Inflation causes ECB to move interest rates if necessary

The European Central Bank is worried about inflation in the eurozone and ready 'to do whatever necessary' to avoid second-round effects, said ECB on Wednesday.

Inflation risks are clearly oriented and the ECB was ready to counter such pressure, which it would normally do by raising interest rates, ECB president Jean-Claude Trichet said to lawmakers at the European Parliament in Brussels.

The ECB's main interest rate now stands at 4.0 percent as inflation has gone up by 3.1 percent in November, the highest in more than 6 years owing to rising cost of oil and food products.

The ECB has hold its rates steady till now, has been a sharp contrast with U.S Federal Reserve which has already implemented cut rates twice to shun economic slowdown from the subprime crisis.

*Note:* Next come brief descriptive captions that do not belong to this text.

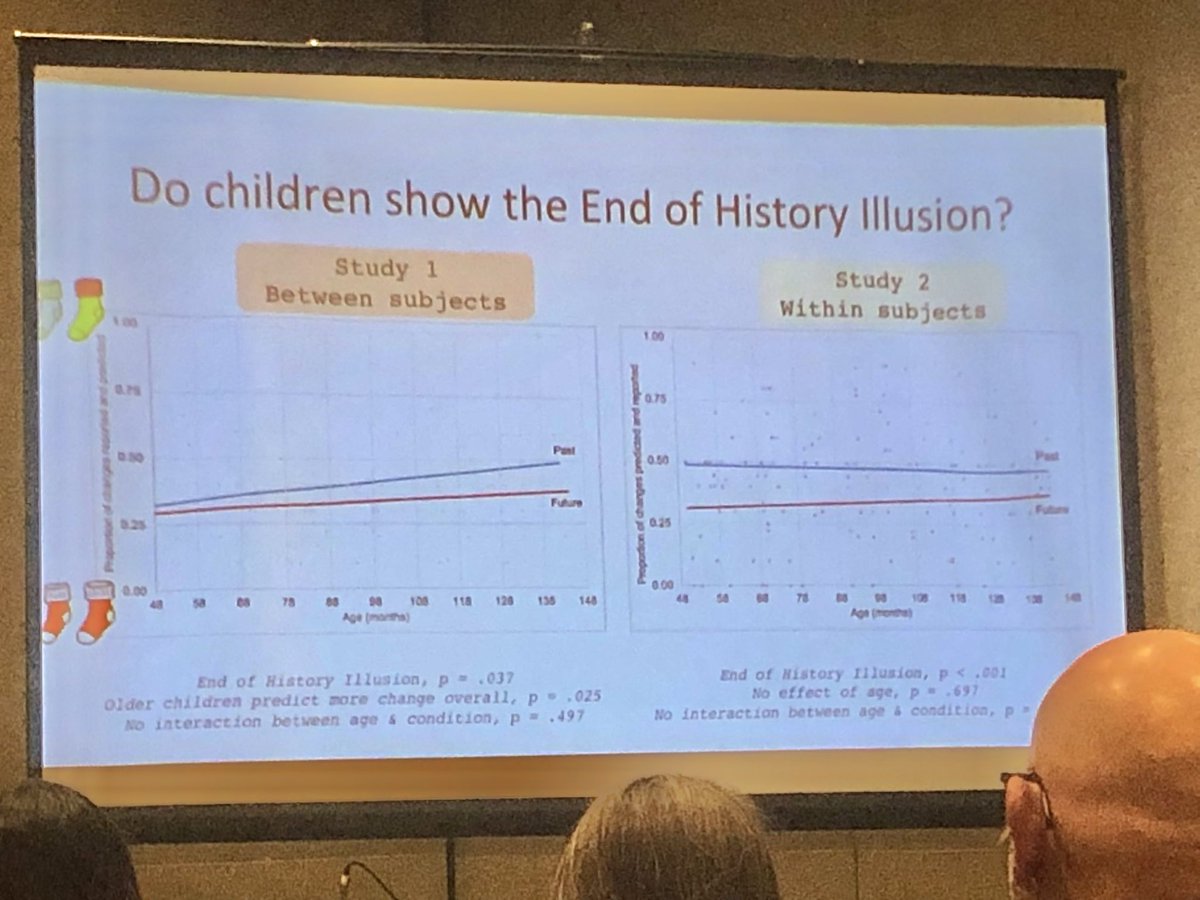 andrewshtulman's tweet image. Do children think they have changed in the past more than they will change in the future? Yes; @alexa_sacchi finds that children exhibit the “end of history” illusion, just like adults. We are always are once and future selves. #srcd23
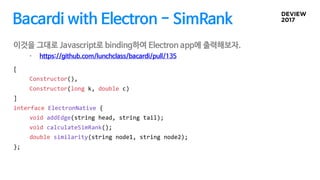 Bacardi with Electron - SimRank
이것을 그대로 Javascript로 binding하여 Electron app에 출력해보자.
• https://github.com/lunchclass/bacardi...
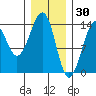 Lake Bay tide chart for Friday, January 30, 2026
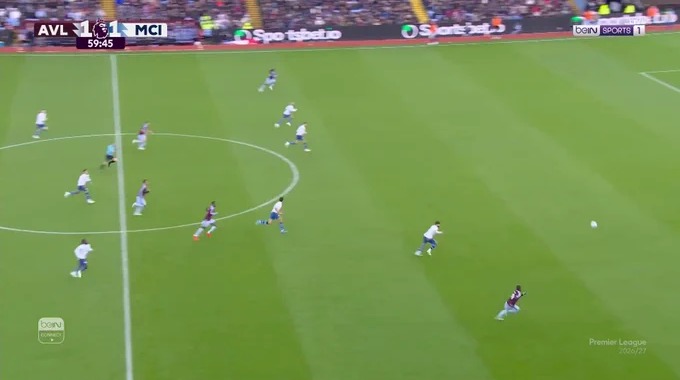 But Nicolas Jackson Pour l’équipe Aston Villa Contre Man City à la minute 60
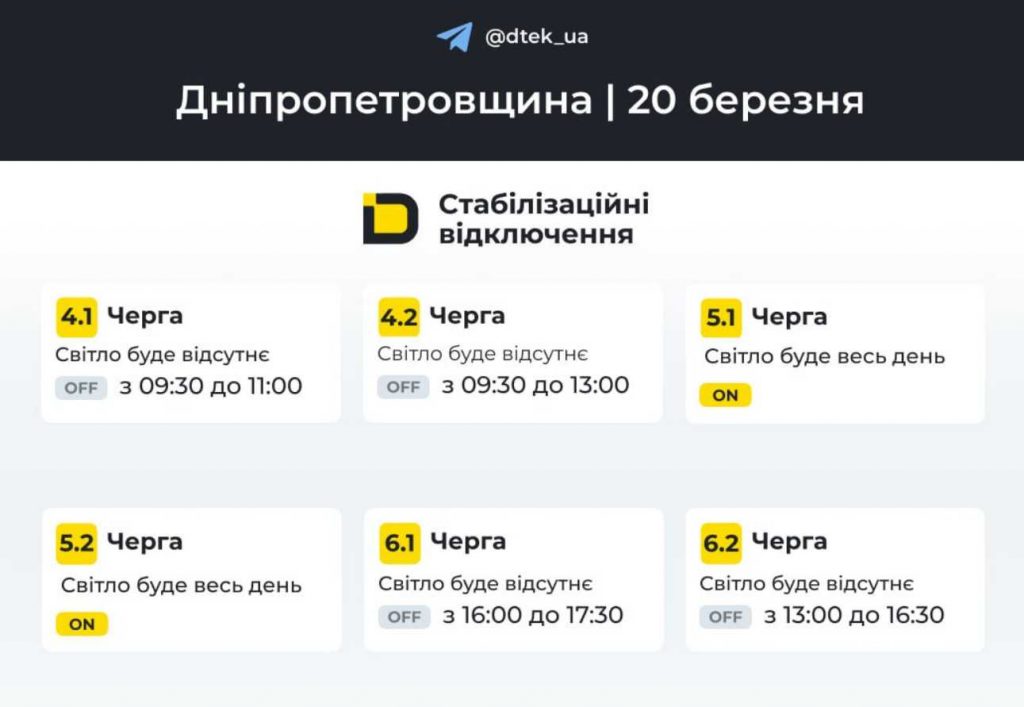 Відключення електроенергії у Дніпрі та області: графік на 20 березня 2026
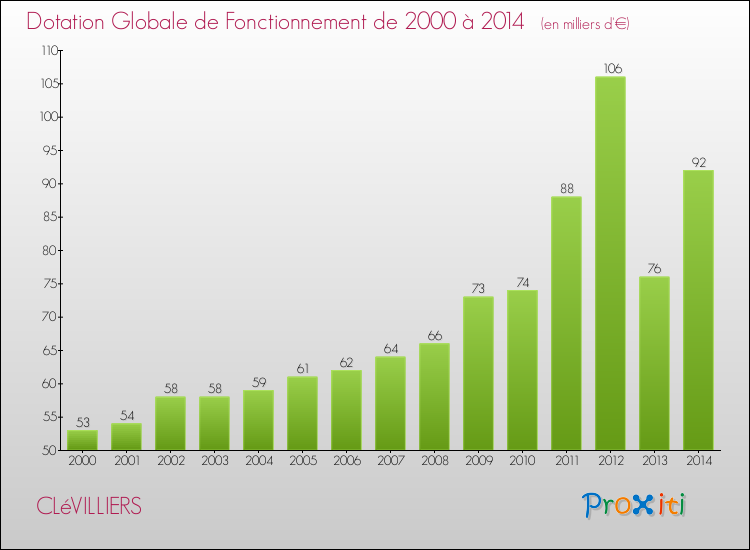 Evolution du montant de la Dotation Globale de Fonctionnement pour la commune de CLéVILLIERS de 2000 à 2014 Evolution du montant de la Dotation Globale de Fonctionnement pour CLéVILLIERS de 2000 à 2014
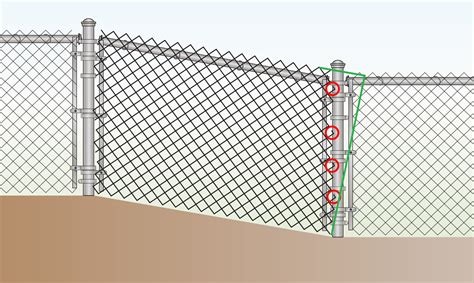 How To Install Tension Wire On Chain Link Fence | Detroit Chinatown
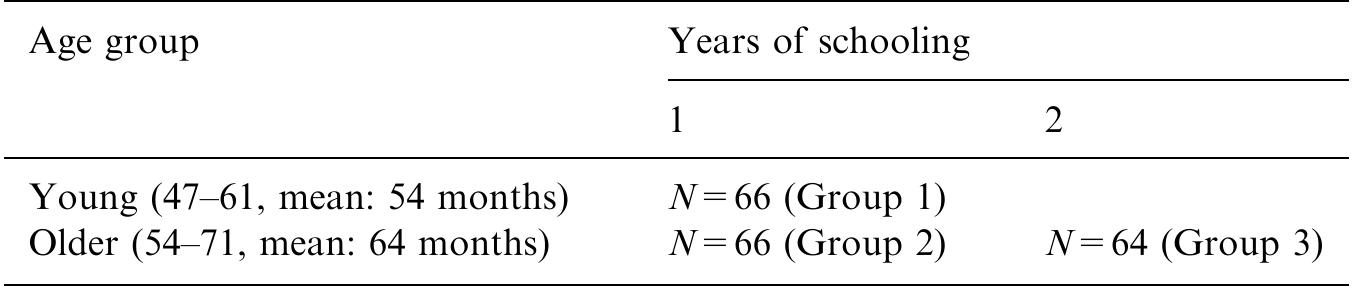 The subjects according to age and first year class attendance.  TABLE 1  Our concern about literacy practices in Greek pre-primary education pre- vented us from considering literacy knowledge by observing common school activities. Thus, we attempted to create literacy workshops by engaging children in meaningful socially situated practices (Teale, 1987), during which  they could be motivated to demonstrate as much as possible of the spectrum of their literacy knowledge. 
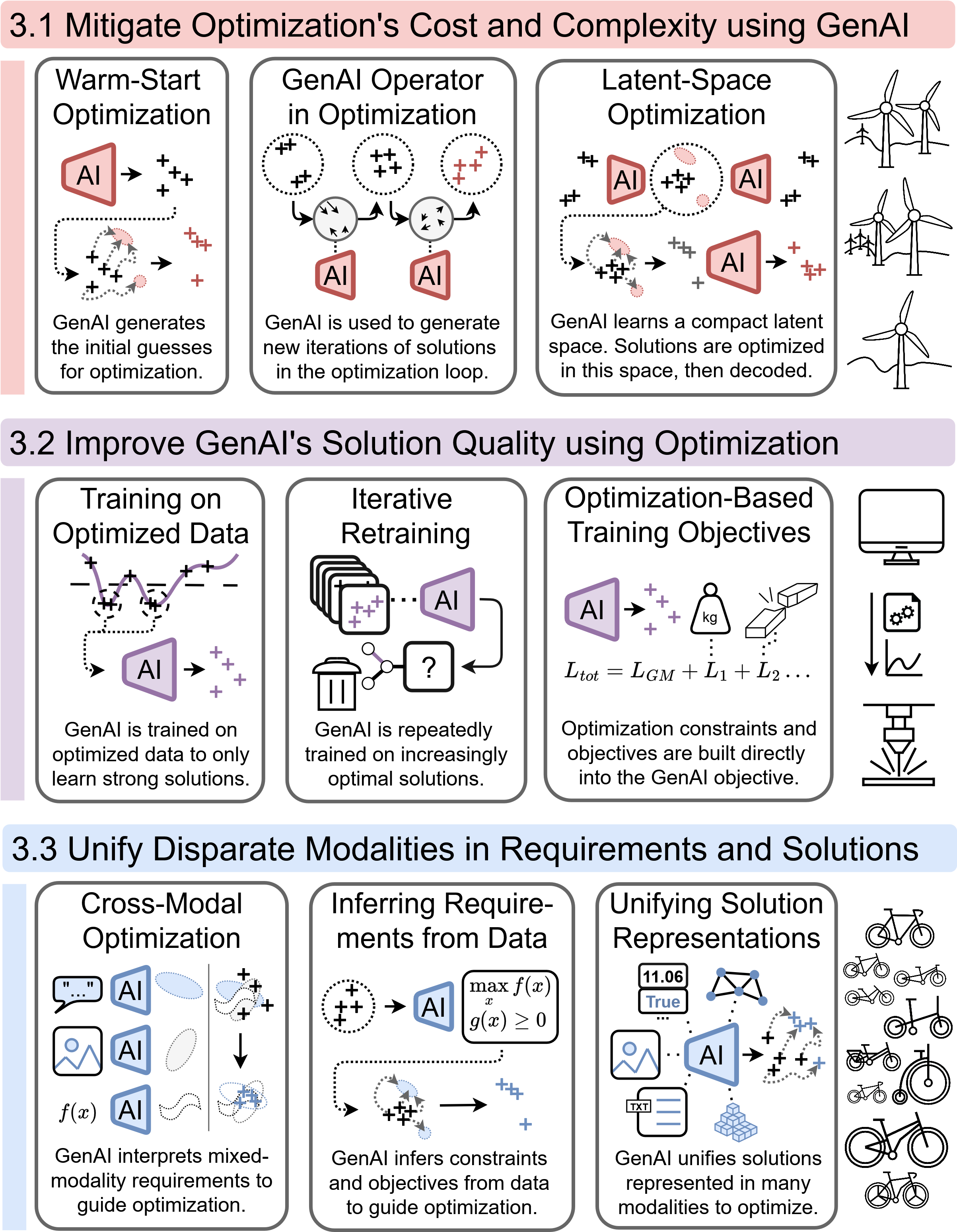 Generative Optimization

The period of temporarily high inflation rates would be somewhat more protracted than previously expected, he said, mentioning ECB projections of a range of between 2 and 3 percent for next year.

He added that another threat may arise by possibility of other prices and wages increase as a result of being squeezed by higher consumer prices, creating a second round effect in the economy.

If we had second round effects then we would be in a totally different universe… We will not tolerate second round effects, Trichet said, a clear warning to raise interest rates as such event occurred.

On Tuesday, the ECB made its biggest single injection of cash ever, providing almost $US500 billion for two weeks to help banks get through a crunch sparked by the collapse of the US subprime home loan market.

We are totally separating what we do as regards the monetary policy stance ... and what we do on the money market, Trichet stressed.